Dieses Problem ist auch den Grünen bewusst, die nun in Sachen Wahlrecht bei der nächsten Landtagssitzung am 27. März aufs Ganze gehen wollen. Von Kompromissen mit dem roten Koalitionspartner will man dabei aber nichts mehr wissen. Für die Partei geht es darum, im koalitionsfreien Raum ein neues minderheitenfreundliches Verhältniswahlrecht zu beschließen, so eine Sprecherin. Der derzeit noch bestehende mehrheitsfördernde Faktor soll demnach ganz gestrichen werden.

Aufgrund der Blockademöglichkeiten der Roten werde es voraussichtlich aber weder, wie von der Opposition geplant, ein Initiativ- noch ein Abänderungsantrag werden, heißt es vonseiten der Grünen. Wie man vorgehen wird, steht aber noch nicht fest: "Weil davon auszugehen ist, dass sich die anderen Parteien aller Geschäftsordnungstricks bedienen werden, prüfen wir ganz intensiv mit internen und externen Juristen das formale Prozedere", sagt die Sprecherin.

Fix ist: "Wir wollen eine namentliche Abstimmung im Landtag erreichen. Dann wird man sehen, wer nicht umsetzt, was er uns in den letzten viereinhalb Jahren über die Medien ausgerichtet hat." Mit der Opposition wird man sich aber nicht mehr absprechen: "Verhandlungen mit der Opposition sind nicht notwendig. Die Positionen liegen schließlich am Tisch."

Klubchef David Ellensohn äußerte sich am Rande der Grünen Landesversammlung am Wochenende noch zuversichtlich, dass es keine Blockade der SPÖ geben wird.
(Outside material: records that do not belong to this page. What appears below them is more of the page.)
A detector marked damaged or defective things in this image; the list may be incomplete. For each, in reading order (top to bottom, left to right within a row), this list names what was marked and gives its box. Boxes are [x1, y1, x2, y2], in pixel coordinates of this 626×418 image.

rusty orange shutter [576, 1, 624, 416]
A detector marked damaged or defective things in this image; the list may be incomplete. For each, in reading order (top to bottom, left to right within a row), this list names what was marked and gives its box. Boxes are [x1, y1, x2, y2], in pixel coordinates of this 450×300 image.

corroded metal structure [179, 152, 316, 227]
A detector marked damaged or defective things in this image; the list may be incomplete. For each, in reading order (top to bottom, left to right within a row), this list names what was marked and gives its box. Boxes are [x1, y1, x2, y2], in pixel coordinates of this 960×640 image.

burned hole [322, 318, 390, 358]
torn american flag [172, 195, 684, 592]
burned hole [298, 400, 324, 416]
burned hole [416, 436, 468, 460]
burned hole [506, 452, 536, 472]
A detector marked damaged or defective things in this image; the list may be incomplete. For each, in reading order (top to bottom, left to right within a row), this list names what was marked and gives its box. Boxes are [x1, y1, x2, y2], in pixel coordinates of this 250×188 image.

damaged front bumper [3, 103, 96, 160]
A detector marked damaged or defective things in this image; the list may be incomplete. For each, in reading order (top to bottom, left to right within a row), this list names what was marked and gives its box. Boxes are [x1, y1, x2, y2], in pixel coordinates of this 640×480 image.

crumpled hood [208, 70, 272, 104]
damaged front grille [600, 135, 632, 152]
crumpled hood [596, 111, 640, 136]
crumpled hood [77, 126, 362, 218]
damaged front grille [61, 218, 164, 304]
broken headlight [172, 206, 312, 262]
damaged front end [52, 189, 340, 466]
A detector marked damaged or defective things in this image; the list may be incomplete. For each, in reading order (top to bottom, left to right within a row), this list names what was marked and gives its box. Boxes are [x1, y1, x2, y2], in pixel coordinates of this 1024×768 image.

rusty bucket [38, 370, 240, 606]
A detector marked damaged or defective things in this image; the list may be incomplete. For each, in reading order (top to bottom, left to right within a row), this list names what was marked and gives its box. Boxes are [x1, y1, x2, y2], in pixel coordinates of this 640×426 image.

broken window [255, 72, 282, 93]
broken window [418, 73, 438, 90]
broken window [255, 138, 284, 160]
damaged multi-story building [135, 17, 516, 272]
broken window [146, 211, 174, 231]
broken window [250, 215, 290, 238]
Zitat: "Man kann ja nicht einfach einen Landtagsbeschluss ignorieren, das hat es noch nie gegeben, das hat nicht einmal Haider in Kärnten gemacht." Seine Zuversicht dürfte in der Partei allerdings auf Grenzen stoßen.

Mentalität eines Holzfällers

"Eine lustige Sitzung" erwartet sich auf jeden Fall die FPÖ, sollte der Landtagspräsident die Anträge für nicht zulässig erklären. "Es ist schon zu befürchten, dass der Landtagspräsident, der schon hin und wieder die Mentalität eines Holzfällers an den Tag legt, und vorsichtig ausgedrückt kein Verfassungsjurist ist, sagt: Nicht zulässig. Dann wird es aber laut im Landtagssaal werden", meint Justizsprecher Dietbert Kowarik dazu. Sollte dieser Fall eintreten, will die FPÖ dem Landtagspräsidenten alle von ihm bisher zugelassenen Anträge vorlesen, die mit dieser Materie vergleichbar sind. "Dann wird er Erklärungsnotstand haben", hofft Kowarik.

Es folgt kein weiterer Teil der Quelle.